On the most testosterone laced day of the year — while men cheered, sucked down beers, and loosened their pants — feminists went on Twitter to comment on the cultural phenomena occurring all around them. As one twitterer noted, “Fact: About 40 million women – of 100 million viewers – watch the #SuperBowl.”
Under the hashtag #femsuperbowl, empowered women found solace in open commentary about what they saw as the most offensive components of Super Bowl Sunday.
The top grievances of the night were less about the game and the propriety of allowing accused rapist Ben Roethlisberger on the field and more about the sexism of the commercials. The top offenders: GoDaddy.com, which featured close ups of a woman’s body parts; Pepsi Max, which suggested men will only stop thinking about sex when given a Pepsi Max; and Cars.com in which talking cars joked about a presumably female car with her top off.
Of course the offensive nature of the ads did not detract from those who saw the entire thing as one giant anti-women display.
“Friend asked is #Superbowl sexist or commercials around it?
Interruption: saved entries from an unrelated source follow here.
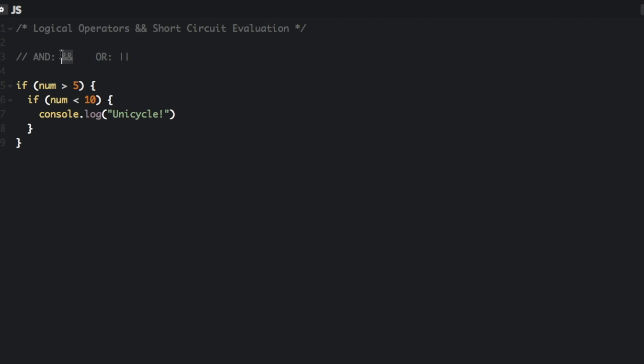So first of all, this is the logical AND, two ampersand signs, and this is the logical OR, two pipe characters.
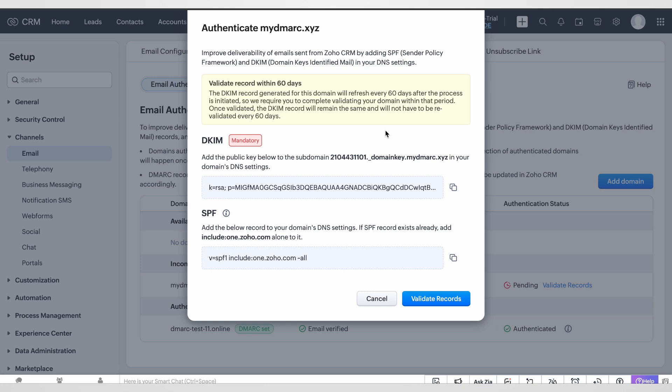Once we click on validate records button, a new pop-up window will appear which is going to provide us with DKIM, which is mandatory, and SPF records. SPF is optional in this case.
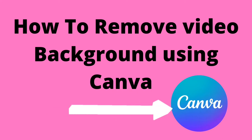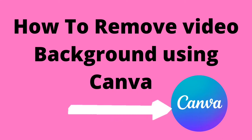In this video, we are going to talk about how to remove video background using Canva.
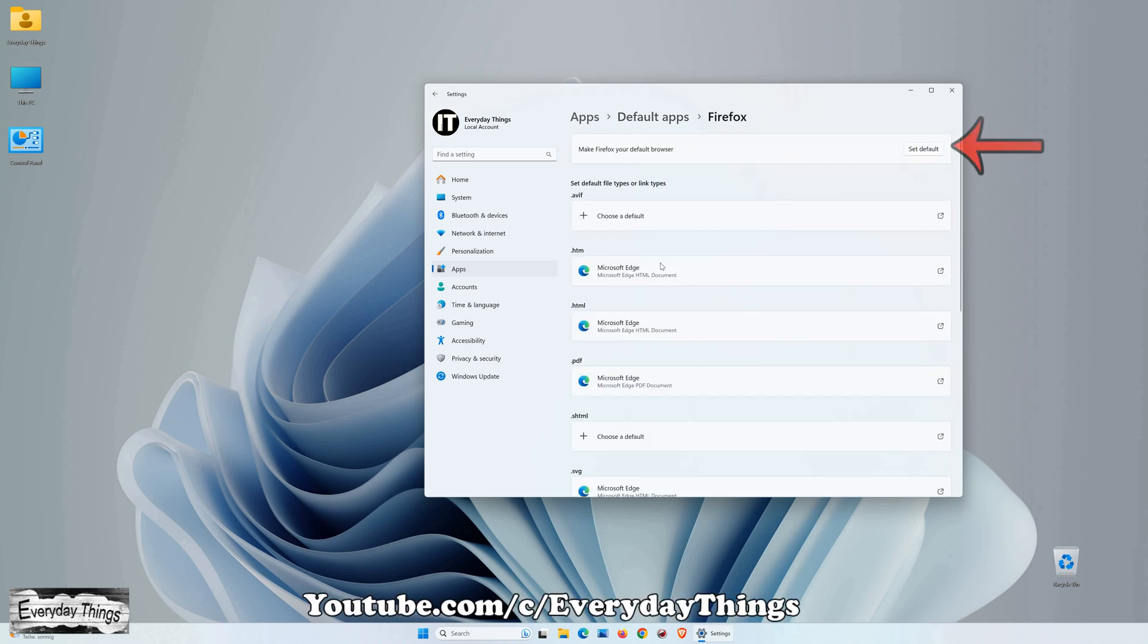Once you're in the Mozilla Firefox settings, click on Set Default to make Mozilla Firefox your default browser.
Ans: All of it! The simple fact that only mens team play is sexist#femsuperbowl,” tweeted Morgane_R.
It was for just Morgane_R’s reasoning that Tifcard was thrilled to be without television Sunday night.
“So glad TV isn’t working! It’s 1 thing 2 be subjucated 2 ‘ism’s’ thruout the day but min after min #superbowl & commercials?#femsuperbowl,” Tifcard tweeted.
Though much of the attention was on the commercials, Ben Roethlisberger did not get off scot-free. There were a few women who singled him out for special criticism.
“There’s no hit or sack that compares to the violence that Ben Worthlessberger does to women. #femsuperbowl,” wrote LFB27.